● **Problem requirements**: Pictures aside, write out the data exactly as it reads.
====== The data ======
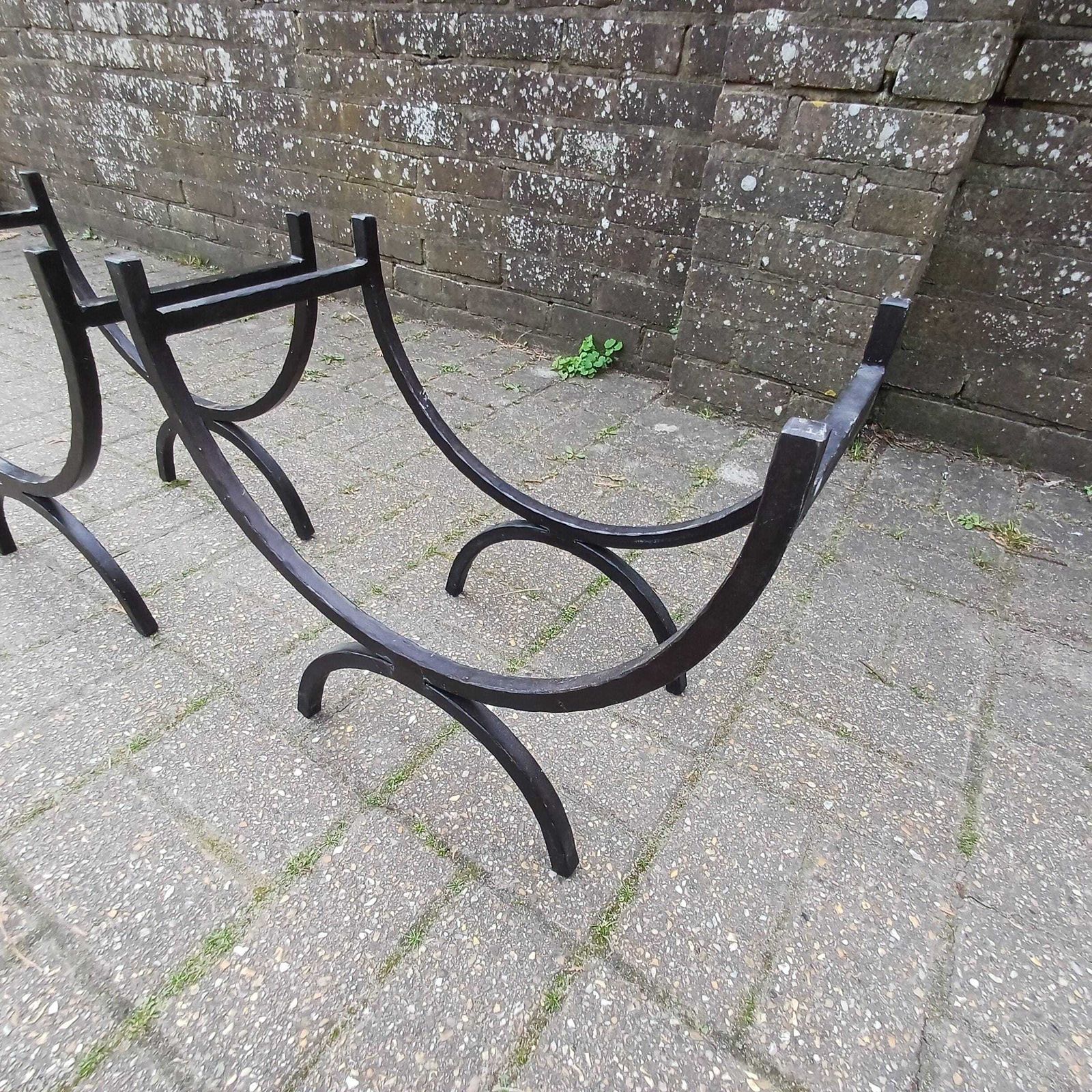 Pair Of Vintage Iron Log Holders 1980s 1990s Black Hand Forged Wrought Iron Fireplace Wood Storage Rustic Industrial Style photo Home Fixtures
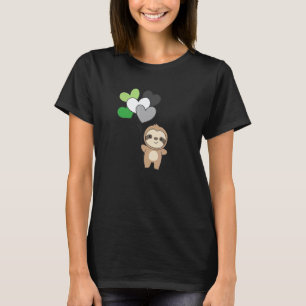 Camiseta Bandeira Aromântica Balão Corações Orgulho Lgbtq P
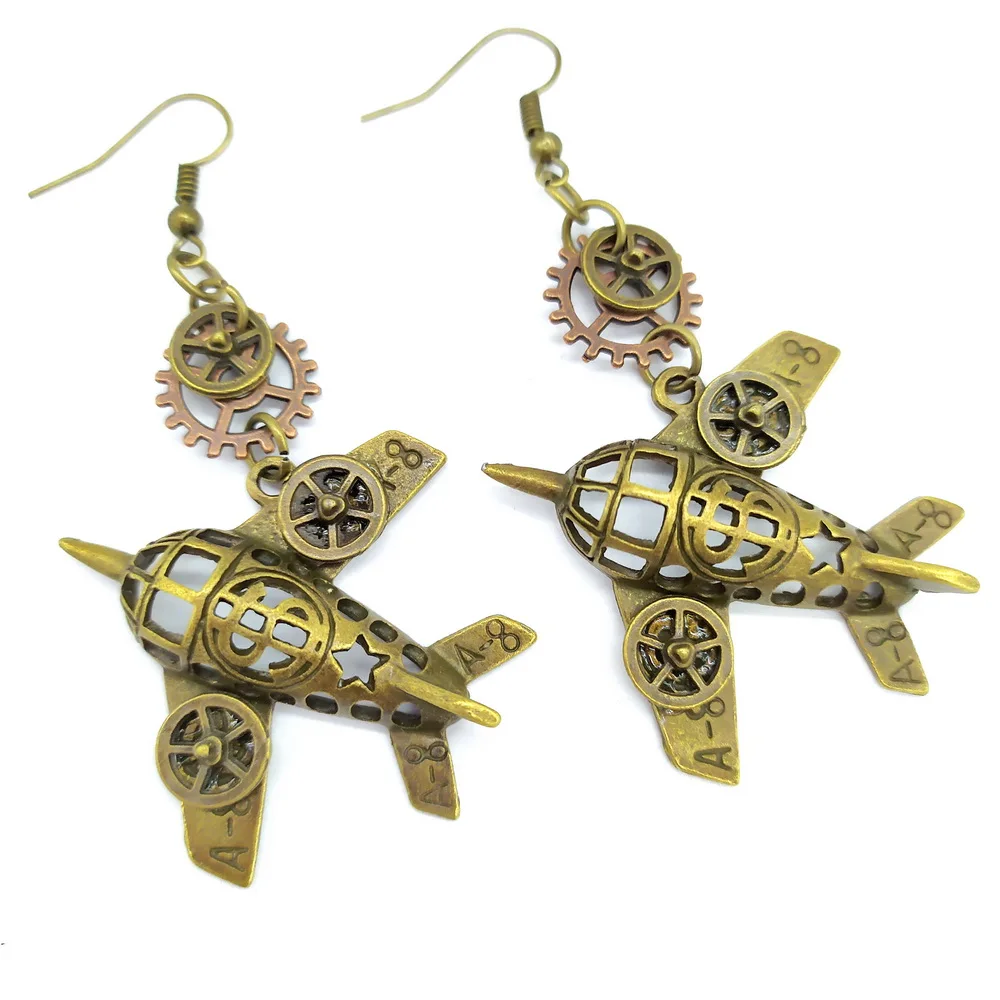 Individual Antique Bronze Ox Airplane Vintage Drop Earring Alloy Jewelry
======
● **Your solution**:
 Pair Of Vintage Iron Log Holders 1980s 1990s Black Hand Forged Wrought Iron Fireplace Wood Storage Rustic Industrial Style photo Home Fixtures
 Camiseta Bandeira Aromântica Balão Corações Orgulho Lgbtq P
 Individual Antique Bronze Ox Airplane Vintage Drop Earring Alloy Jewelry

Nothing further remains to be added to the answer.